A look at his list of 350 plus scores reveals the significance of Lara's knocks. They came against better bowling attacks, especially the 400 not out which the West Indian scored during England's resurgence as a cricketing nation.

The best part of Lara's batting was the purity that marked his strokeplay. He drove nonchalantly, pulled imperiously and cut delicately. And his defence was very compact. He truly personified attractive batsmanship.

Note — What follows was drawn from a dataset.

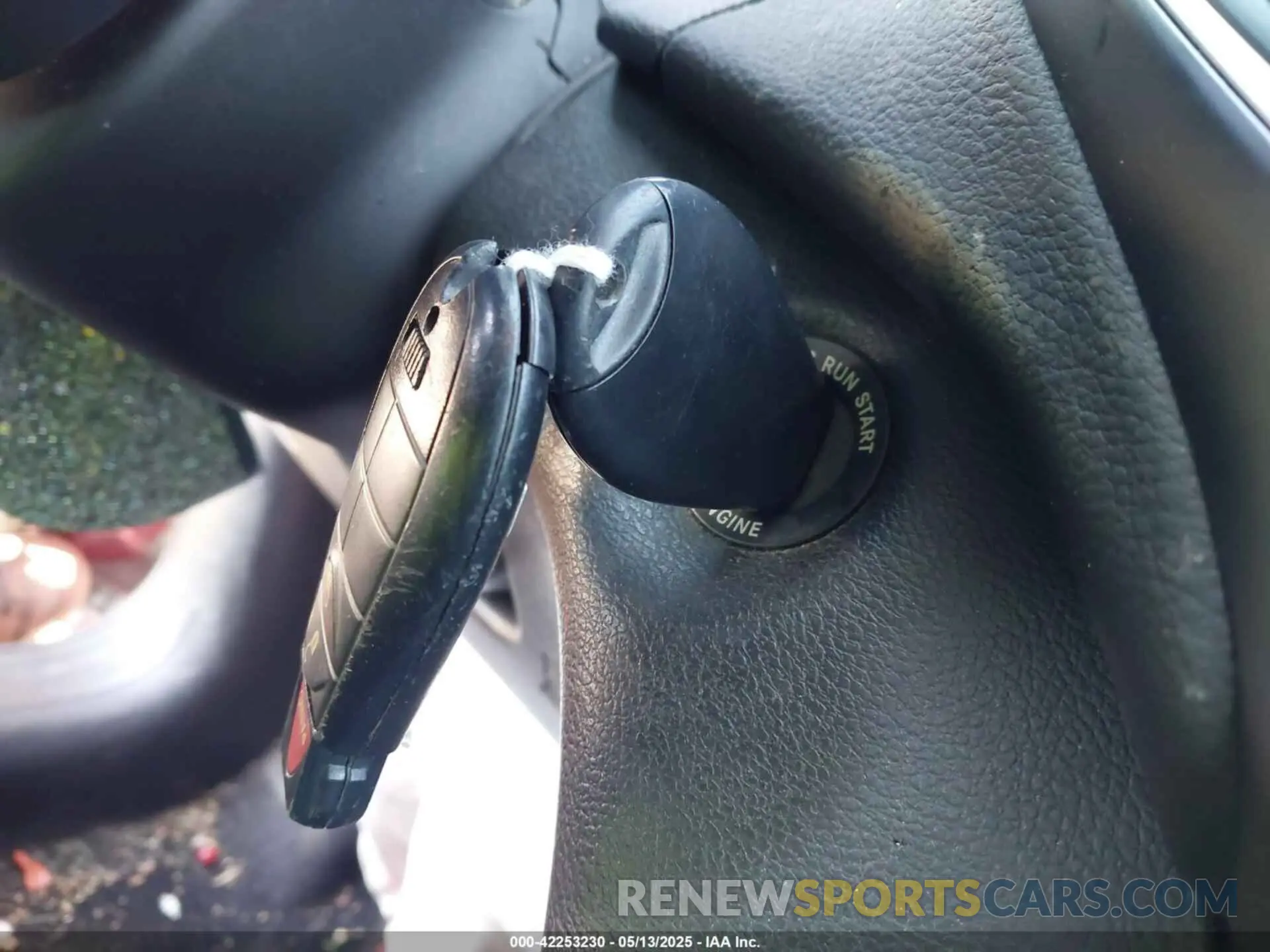 11 Photograph of a damaged car 1C4PJLCB2KD129024 JEEP CHEROKEE 2019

Glenn McGrath, Anil Kumble, Shane Warne, Muttiah Muralitharan, Allan Donald... the list of bowlers who valued Lara's scalp the most is very long. The mighty West Indian knew how to decimate attacks. Sadly, captaincy was one aspect that Lara failed to grasp. He was often accused of being aloof, self-centred and very demanding as a captain, but it was also true that Lara found it increasingly difficult to come to terms with the administrators on various issues. However, he never let his colleagues down, standing by them in the most exacting situations. He may have been unpopular with some of his team-mates but then a genius would always want to have his way.

One should also realise that it was just not easy for Lara to keep going when after having done so much for his team he got little support from his team-mates.

Lara, after all, was a batsman who had to be taught little during his career. To make others understand the gravity of the situation and to help them tune their skills would not have been easy and he probably gave up trying to do so somewhere down the line before one final effort towards the fag end of his glorious career. Lara was confident that his side was good enough to make the semifinals of the World Cup at home, but West Indies' disappointing show was too much to take for the great sportsman. In fact, earlier he had announced that he would be retiring from ODIs after the World Cup, but soon followed it up with his decision to quit Test cricket too. It definitely is not the best way to end a glittering career.

If Lara was a part of the decline of West Indies cricket, it was his misfortune. Again at the cost of being repetitive, one would like to remember Ian Chappell, who said in defence of Lara, "The West Indies would still have lost as many matches even if Viv (Richards) would have been in the team." The bowlers under Lara were no way in the class of the bowlers who played under Clive Lloyd and Richards.

True, Lara was an under-achiever, but we would love to remember him as a batsman who was the best against the best.